Top of Information given

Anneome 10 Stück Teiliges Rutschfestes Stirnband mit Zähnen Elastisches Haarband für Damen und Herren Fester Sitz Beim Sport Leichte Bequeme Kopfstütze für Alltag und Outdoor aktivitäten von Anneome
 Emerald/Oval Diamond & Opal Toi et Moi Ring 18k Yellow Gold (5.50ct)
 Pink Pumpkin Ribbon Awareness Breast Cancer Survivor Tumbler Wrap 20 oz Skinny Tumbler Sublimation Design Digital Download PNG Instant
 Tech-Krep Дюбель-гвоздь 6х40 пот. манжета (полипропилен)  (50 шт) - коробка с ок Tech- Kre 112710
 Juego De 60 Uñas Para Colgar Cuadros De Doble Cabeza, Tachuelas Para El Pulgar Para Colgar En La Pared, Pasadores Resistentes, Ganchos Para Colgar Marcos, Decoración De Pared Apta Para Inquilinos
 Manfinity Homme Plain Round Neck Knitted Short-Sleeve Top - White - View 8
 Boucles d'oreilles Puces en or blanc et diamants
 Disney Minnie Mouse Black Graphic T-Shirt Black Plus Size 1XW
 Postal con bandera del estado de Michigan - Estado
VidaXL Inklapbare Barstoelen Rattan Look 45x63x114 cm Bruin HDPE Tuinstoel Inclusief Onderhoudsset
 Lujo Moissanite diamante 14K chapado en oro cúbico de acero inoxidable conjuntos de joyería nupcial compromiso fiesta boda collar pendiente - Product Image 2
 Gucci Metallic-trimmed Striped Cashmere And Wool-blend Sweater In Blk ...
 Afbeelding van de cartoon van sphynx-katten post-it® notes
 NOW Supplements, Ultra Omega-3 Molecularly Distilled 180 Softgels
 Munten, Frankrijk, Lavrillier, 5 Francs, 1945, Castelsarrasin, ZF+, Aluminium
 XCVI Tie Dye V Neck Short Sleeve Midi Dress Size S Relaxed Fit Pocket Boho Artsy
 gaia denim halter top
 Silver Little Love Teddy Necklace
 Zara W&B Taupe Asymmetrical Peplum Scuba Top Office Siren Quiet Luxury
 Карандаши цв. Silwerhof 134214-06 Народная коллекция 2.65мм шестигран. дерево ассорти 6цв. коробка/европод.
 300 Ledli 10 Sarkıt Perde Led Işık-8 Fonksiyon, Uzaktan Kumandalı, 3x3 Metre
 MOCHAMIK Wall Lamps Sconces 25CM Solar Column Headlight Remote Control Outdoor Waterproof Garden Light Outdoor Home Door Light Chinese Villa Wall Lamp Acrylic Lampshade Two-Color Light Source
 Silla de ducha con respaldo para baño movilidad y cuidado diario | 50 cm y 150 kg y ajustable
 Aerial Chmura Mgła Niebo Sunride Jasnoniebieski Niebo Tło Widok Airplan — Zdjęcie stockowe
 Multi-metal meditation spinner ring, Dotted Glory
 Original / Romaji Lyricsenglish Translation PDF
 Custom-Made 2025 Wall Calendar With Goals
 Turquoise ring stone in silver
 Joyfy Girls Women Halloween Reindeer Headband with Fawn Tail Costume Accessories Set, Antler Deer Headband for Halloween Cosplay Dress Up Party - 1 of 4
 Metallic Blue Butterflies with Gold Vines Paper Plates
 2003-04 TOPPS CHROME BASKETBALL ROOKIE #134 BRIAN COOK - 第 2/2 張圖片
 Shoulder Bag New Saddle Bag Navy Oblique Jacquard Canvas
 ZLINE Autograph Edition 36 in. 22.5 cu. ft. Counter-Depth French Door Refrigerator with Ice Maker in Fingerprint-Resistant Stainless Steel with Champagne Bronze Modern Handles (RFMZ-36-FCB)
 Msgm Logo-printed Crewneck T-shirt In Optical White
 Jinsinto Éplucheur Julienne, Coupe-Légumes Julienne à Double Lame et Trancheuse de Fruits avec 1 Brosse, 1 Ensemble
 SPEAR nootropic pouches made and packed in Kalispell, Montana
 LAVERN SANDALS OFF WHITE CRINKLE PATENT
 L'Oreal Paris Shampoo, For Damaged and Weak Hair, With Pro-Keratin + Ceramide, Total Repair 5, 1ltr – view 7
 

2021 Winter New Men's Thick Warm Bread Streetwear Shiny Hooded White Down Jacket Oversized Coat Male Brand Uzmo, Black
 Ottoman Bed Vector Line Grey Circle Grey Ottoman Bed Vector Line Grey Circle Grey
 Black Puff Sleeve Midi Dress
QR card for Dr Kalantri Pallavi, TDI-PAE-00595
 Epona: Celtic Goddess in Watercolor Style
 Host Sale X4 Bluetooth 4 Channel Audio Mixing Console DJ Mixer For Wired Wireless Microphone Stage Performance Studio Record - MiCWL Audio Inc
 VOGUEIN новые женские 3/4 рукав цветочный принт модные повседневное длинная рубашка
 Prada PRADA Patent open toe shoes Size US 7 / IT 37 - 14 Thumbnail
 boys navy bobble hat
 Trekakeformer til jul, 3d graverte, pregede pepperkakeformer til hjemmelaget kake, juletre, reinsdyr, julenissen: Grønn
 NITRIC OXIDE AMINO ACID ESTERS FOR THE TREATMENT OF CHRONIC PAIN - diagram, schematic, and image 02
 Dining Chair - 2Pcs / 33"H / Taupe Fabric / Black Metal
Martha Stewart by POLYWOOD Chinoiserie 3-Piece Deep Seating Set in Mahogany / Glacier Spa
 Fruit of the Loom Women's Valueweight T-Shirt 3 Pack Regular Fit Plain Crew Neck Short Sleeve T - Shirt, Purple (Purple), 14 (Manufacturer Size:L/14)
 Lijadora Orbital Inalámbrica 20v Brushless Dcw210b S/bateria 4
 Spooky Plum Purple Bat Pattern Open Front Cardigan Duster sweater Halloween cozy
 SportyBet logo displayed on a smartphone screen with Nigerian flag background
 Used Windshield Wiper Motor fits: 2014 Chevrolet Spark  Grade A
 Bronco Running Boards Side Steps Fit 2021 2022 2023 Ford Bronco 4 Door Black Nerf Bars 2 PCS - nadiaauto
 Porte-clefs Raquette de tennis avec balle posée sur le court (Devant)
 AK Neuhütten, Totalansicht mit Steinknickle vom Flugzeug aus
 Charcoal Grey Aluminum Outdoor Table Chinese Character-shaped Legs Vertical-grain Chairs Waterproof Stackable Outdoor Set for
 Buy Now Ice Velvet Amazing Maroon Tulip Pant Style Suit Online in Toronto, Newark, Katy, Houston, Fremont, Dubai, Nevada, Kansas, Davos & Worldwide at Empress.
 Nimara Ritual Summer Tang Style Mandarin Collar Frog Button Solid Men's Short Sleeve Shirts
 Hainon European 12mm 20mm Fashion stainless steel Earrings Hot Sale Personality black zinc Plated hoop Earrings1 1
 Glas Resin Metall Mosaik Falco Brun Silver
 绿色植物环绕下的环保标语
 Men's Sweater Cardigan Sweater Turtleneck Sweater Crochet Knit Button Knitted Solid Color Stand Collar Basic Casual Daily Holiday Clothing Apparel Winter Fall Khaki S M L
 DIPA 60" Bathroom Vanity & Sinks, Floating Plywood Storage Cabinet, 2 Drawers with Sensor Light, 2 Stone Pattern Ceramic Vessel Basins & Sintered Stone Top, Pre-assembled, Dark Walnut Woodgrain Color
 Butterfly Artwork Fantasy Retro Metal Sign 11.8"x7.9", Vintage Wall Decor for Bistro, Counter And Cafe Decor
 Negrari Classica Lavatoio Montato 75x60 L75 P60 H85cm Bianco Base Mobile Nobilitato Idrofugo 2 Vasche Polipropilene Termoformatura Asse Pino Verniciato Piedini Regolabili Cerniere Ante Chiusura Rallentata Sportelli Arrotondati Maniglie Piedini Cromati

Bottom of Information given

**Aim of the exercise:** Please reply with an exact copy of the lines above, starting at the first and ending at the line that holds "Afbeelding van de".

**Result of this task:**
Anneome 10 Stück Teiliges Rutschfestes Stirnband mit Zähnen Elastisches Haarband für Damen und Herren Fester Sitz Beim Sport Leichte Bequeme Kopfstütze für Alltag und Outdoor aktivitäten von Anneome
 Emerald/Oval Diamond & Opal Toi et Moi Ring 18k Yellow Gold (5.50ct)
 Pink Pumpkin Ribbon Awareness Breast Cancer Survivor Tumbler Wrap 20 oz Skinny Tumbler Sublimation Design Digital Download PNG Instant
 Tech-Krep Дюбель-гвоздь 6х40 пот. манжета (полипропилен)  (50 шт) - коробка с ок Tech- Kre 112710
 Juego De 60 Uñas Para Colgar Cuadros De Doble Cabeza, Tachuelas Para El Pulgar Para Colgar En La Pared, Pasadores Resistentes, Ganchos Para Colgar Marcos, Decoración De Pared Apta Para Inquilinos
 Manfinity Homme Plain Round Neck Knitted Short-Sleeve Top - White - View 8
 Boucles d'oreilles Puces en or blanc et diamants
 Disney Minnie Mouse Black Graphic T-Shirt Black Plus Size 1XW
 Postal con bandera del estado de Michigan - Estado
VidaXL Inklapbare Barstoelen Rattan Look 45x63x114 cm Bruin HDPE Tuinstoel Inclusief Onderhoudsset
 Lujo Moissanite diamante 14K chapado en oro cúbico de acero inoxidable conjuntos de joyería nupcial compromiso fiesta boda collar pendiente - Product Image 2
 Gucci Metallic-trimmed Striped Cashmere And Wool-blend Sweater In Blk ...
 Afbeelding van de cartoon van sphynx-katten post-it® notes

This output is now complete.